Diabetes medical equipment companies to pay more than $12 million to resolve criminal allegations
Two companies and two executives at those firms agreed to pay more than $12.2 million to resolve allegations that they made illegal, unsolicited telephone calls trying to sell diabetes-related medical equipment to Medicare beneficiaries.
U.S. Healthcare Supply agreed to pay more than $5 million, while company owner Jon P. Leftko agreed to pay more than $1 million. Edward J. Letko, Jon’s brother and owner of Oxford Diabetic Supply, agreed to pay $6 million plus interest.
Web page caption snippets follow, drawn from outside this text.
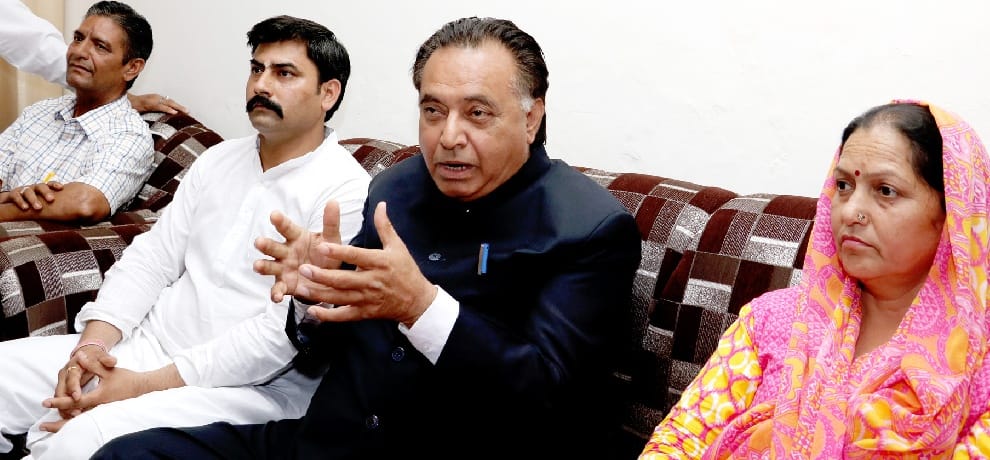 Himachal Transport minister GS BAli  announced that he will not use red beacon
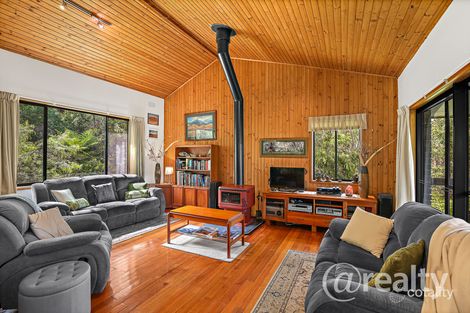Property photo of 10 Selet Street Mount Evelyn VIC 3796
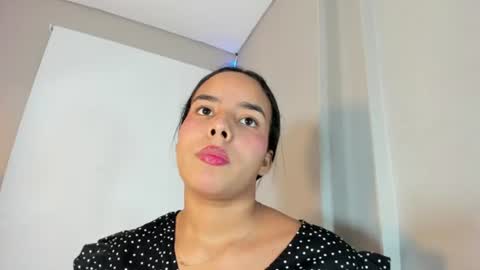 roxy_stone1 online show from 07-21-26, 07:27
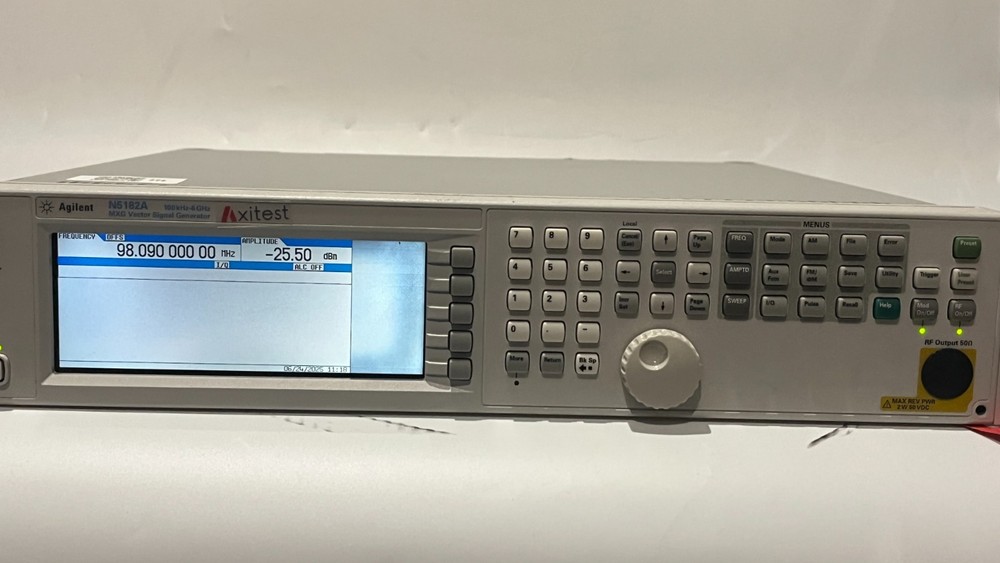 AGILENT - N5182A-506 + 1EM-UNT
The U.S. Department of Justice (DOJ) announced the settlements on Sept. 7 but mentioned that the claims were only allegations and did not indicate the parties were liable for the alleged crimes.
The DOJ said that U.S. Healthcare Supply and Oxford Diabetic Supply set up and controlled Diabetic Experts. Through Diabetic Experts, the companies allegedly made unsolicited calls to the Medicare beneficiaries and submitted claims to the Centers for Medicare & Medicaid Services based on the equipment they sold via the calls, which violated the Medicare Anti-Solicitation Statute.
“Cold-calling people to sell them expensive medical equipment is prohibited for a reason: unsuspecting patients shouldn’t be coerced into making medical decisions about devices and equipment—which they may not even need—on the basis of a sales pitch,” U.S. Attorney Paul J. Fishman for the District of New Jersey said in a news release.